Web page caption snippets
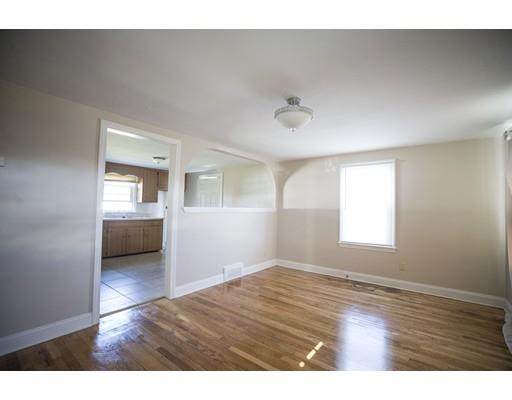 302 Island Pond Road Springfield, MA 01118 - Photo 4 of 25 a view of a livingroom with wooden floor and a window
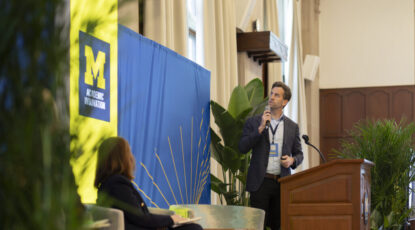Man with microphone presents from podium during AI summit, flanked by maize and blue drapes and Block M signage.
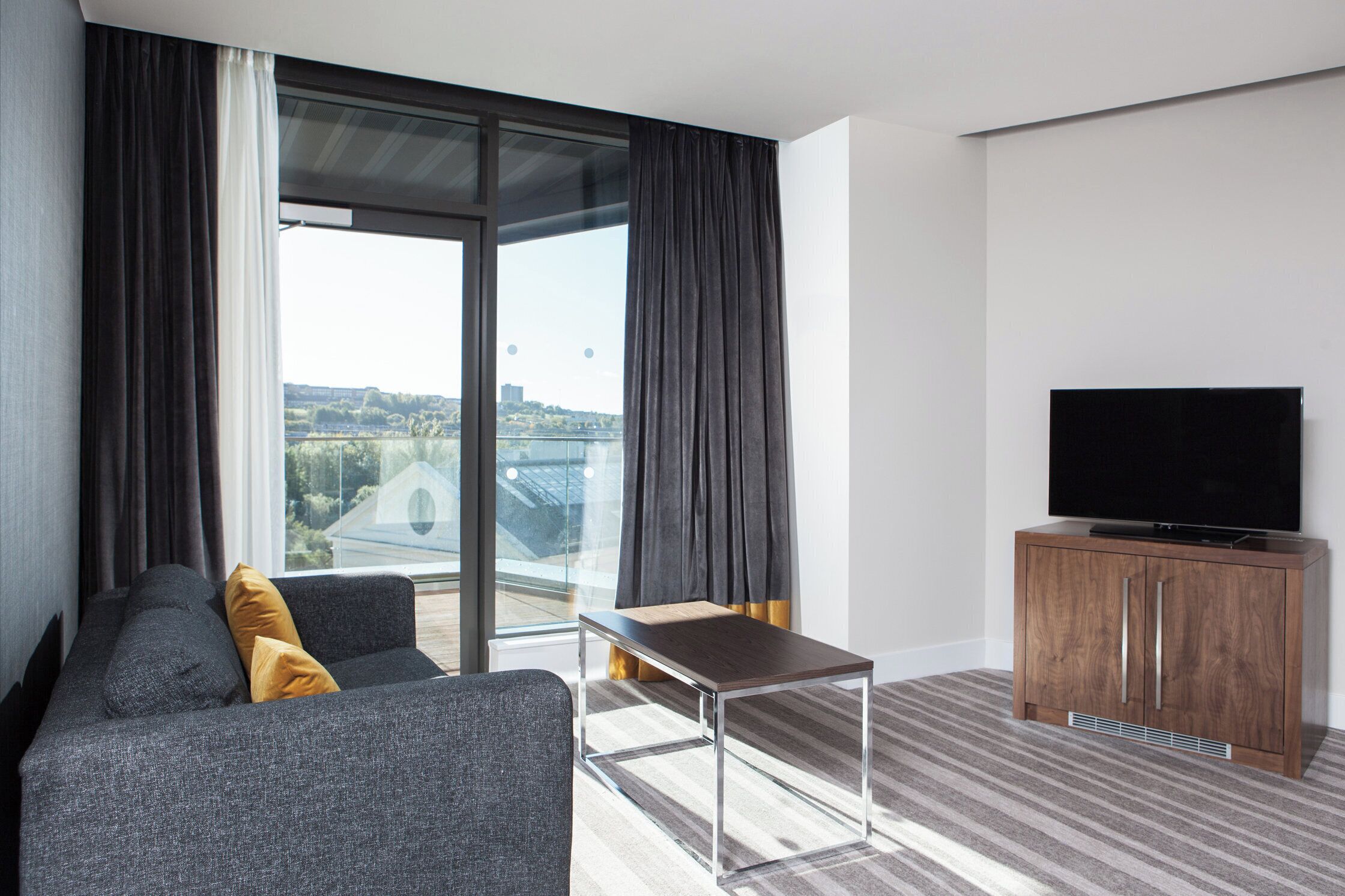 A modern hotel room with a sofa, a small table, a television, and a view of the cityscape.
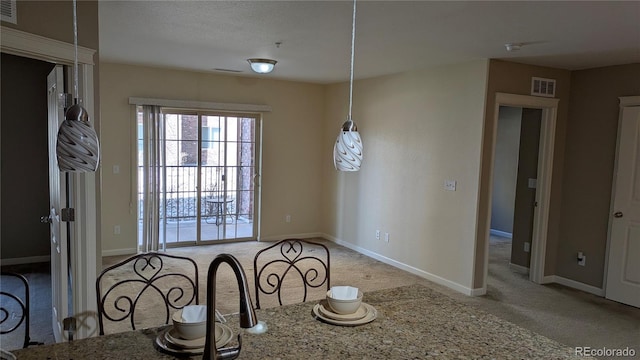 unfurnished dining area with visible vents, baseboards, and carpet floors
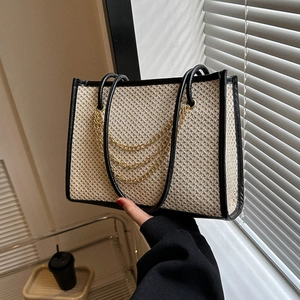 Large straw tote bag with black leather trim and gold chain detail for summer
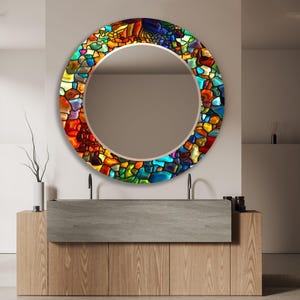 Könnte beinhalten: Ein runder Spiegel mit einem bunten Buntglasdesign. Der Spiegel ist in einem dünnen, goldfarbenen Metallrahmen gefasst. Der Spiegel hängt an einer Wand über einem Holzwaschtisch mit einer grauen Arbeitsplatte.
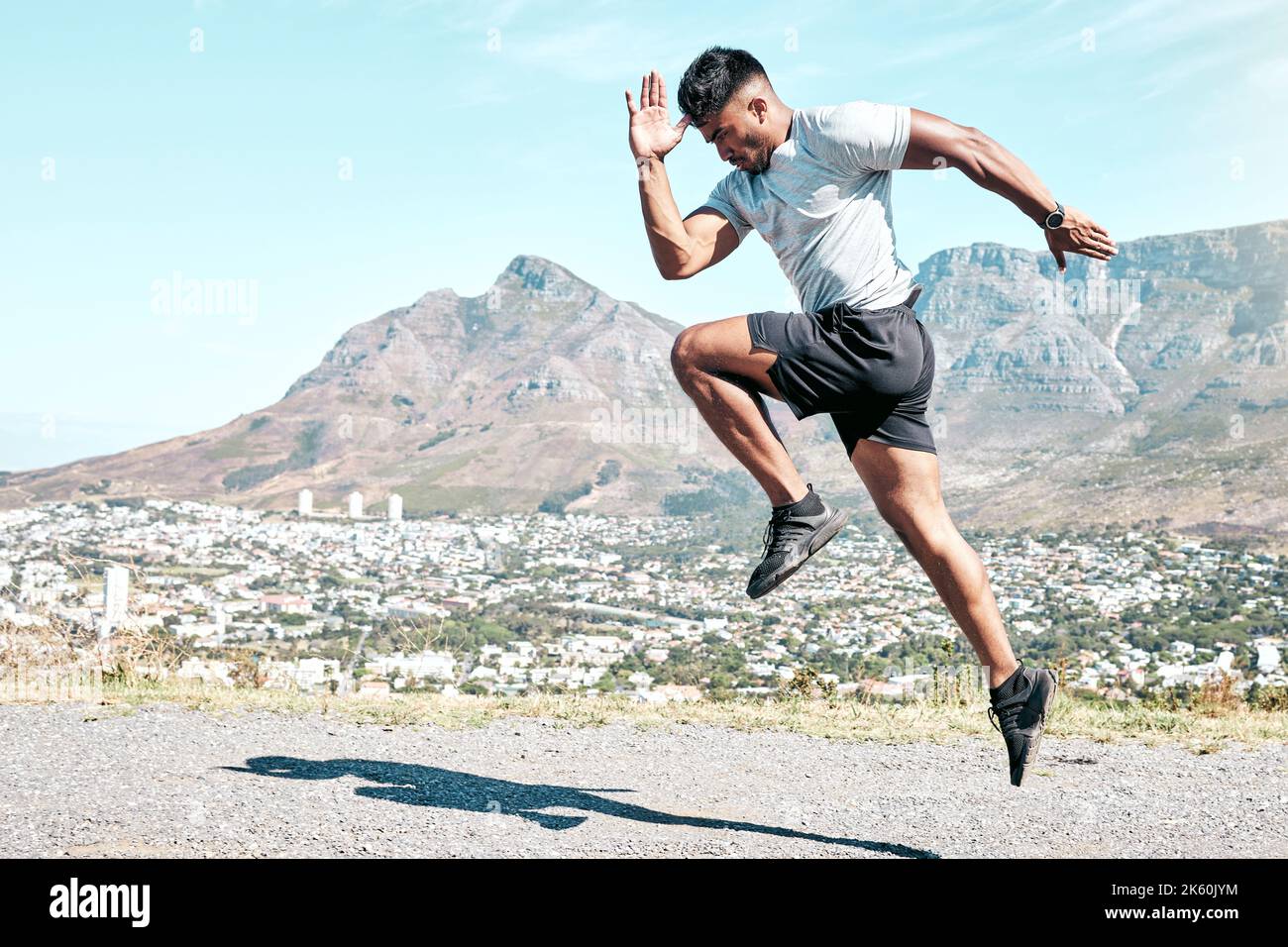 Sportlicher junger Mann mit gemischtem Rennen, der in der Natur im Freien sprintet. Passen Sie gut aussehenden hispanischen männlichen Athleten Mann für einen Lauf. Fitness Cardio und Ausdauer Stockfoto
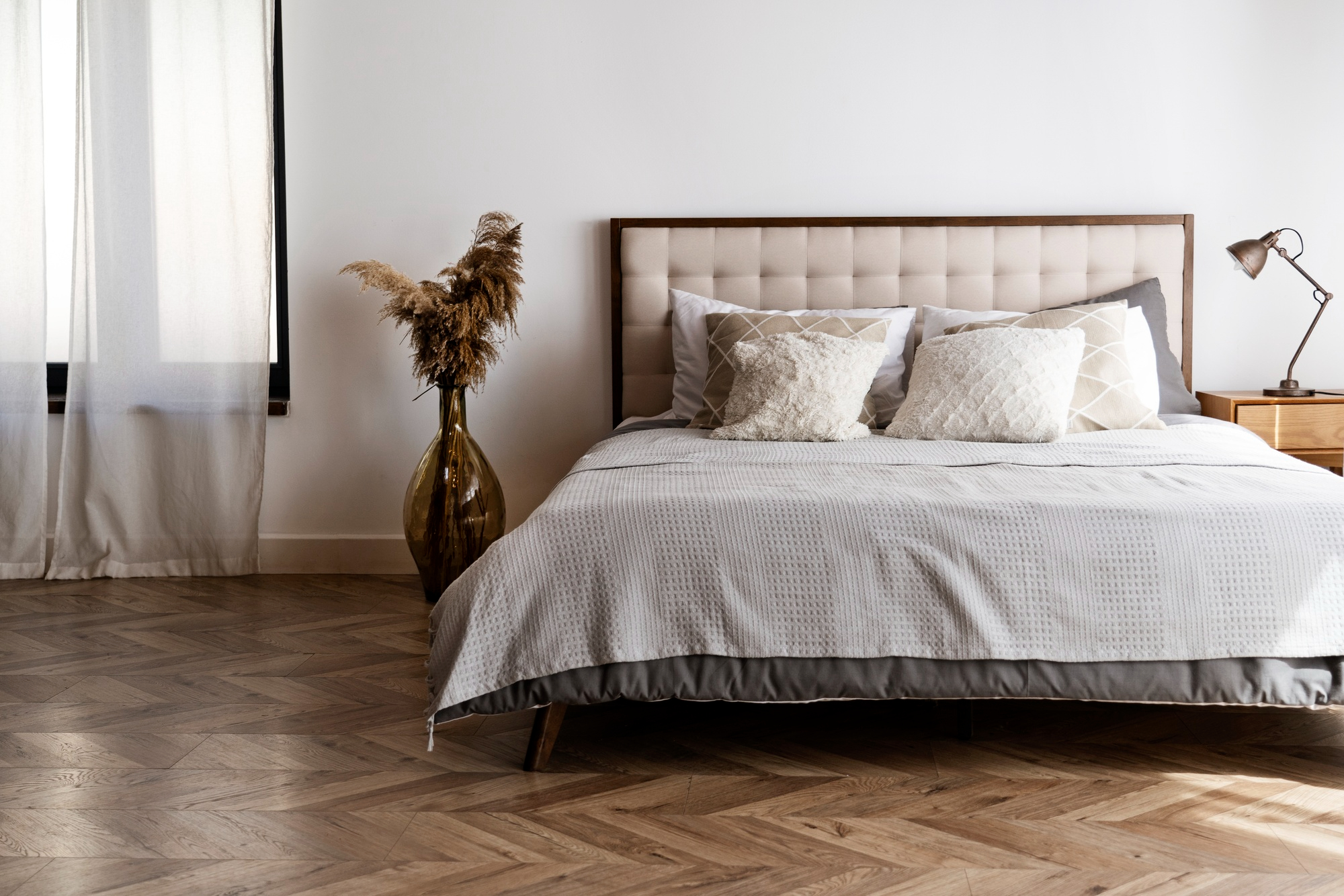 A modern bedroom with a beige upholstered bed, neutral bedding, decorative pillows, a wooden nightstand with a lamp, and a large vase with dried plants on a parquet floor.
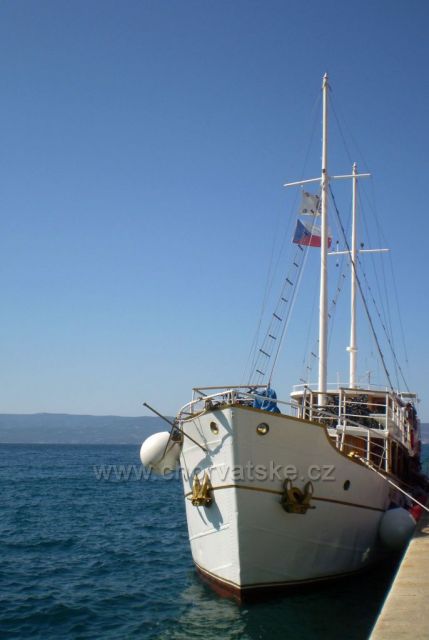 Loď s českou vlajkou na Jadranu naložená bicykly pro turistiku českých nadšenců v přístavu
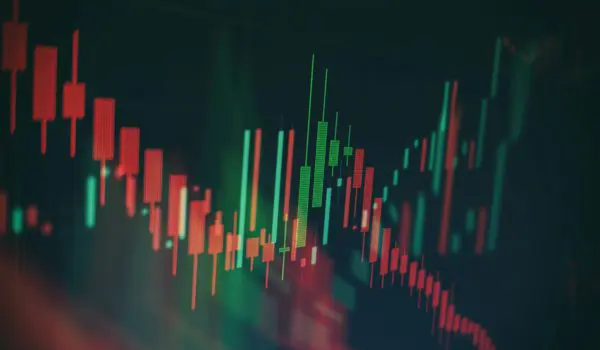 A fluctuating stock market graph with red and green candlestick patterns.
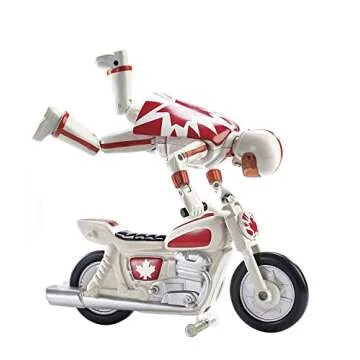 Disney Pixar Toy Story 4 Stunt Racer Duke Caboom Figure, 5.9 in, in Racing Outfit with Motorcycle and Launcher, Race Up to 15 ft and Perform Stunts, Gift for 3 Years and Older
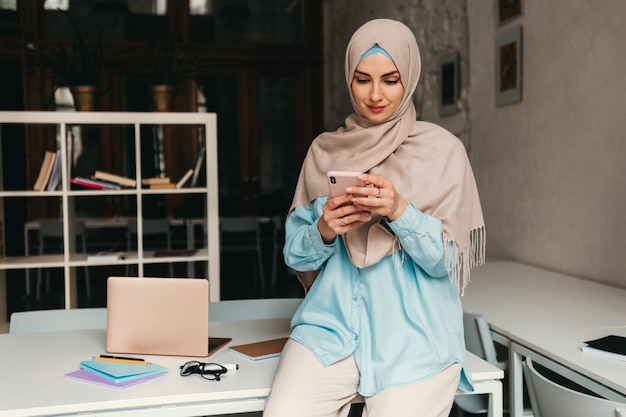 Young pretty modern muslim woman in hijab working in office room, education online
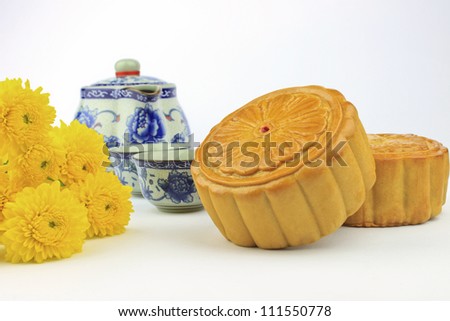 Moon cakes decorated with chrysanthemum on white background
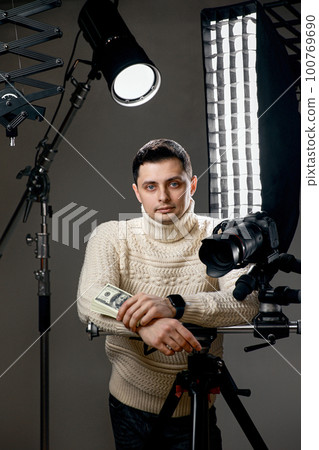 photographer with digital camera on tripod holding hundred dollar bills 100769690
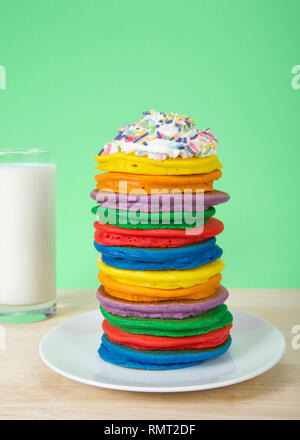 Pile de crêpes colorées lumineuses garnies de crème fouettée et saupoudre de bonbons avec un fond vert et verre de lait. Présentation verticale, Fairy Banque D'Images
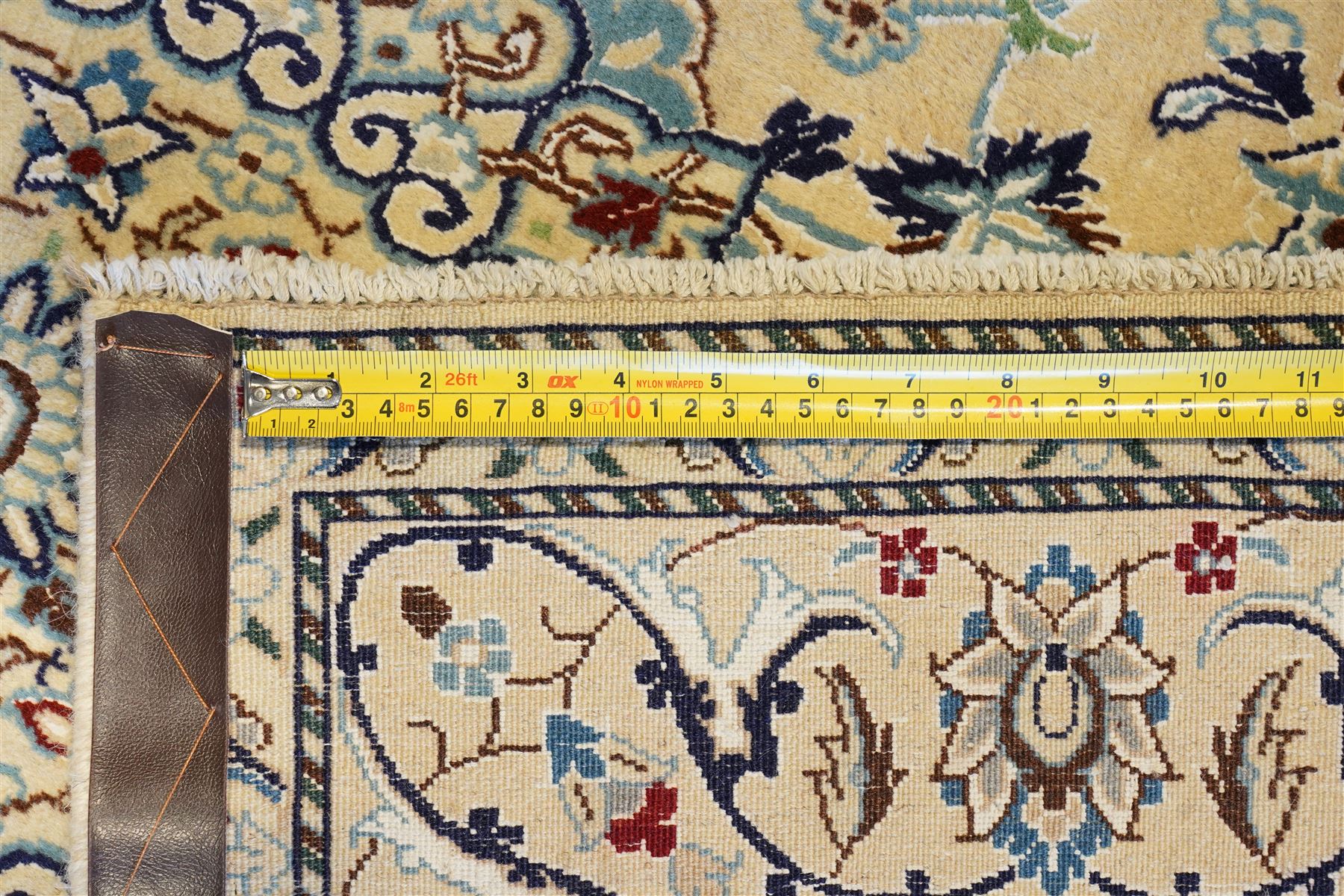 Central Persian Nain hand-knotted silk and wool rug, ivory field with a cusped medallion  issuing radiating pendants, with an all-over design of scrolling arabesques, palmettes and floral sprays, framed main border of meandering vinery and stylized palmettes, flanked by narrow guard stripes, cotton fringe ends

▶ [Your assignment] The answer should contain only the lines from the start of the records above through the line with "A modern hotel", copied exactly, and no pictures.

▶ [Solution for this task]
 302 Island Pond Road Springfield, MA 01118 - Photo 4 of 25 a view of a livingroom with wooden floor and a window
Man with microphone presents from podium during AI summit, flanked by maize and blue drapes and Block M signage.
 A modern hotel room with a sofa, a small table, a television, and a view of the cityscape.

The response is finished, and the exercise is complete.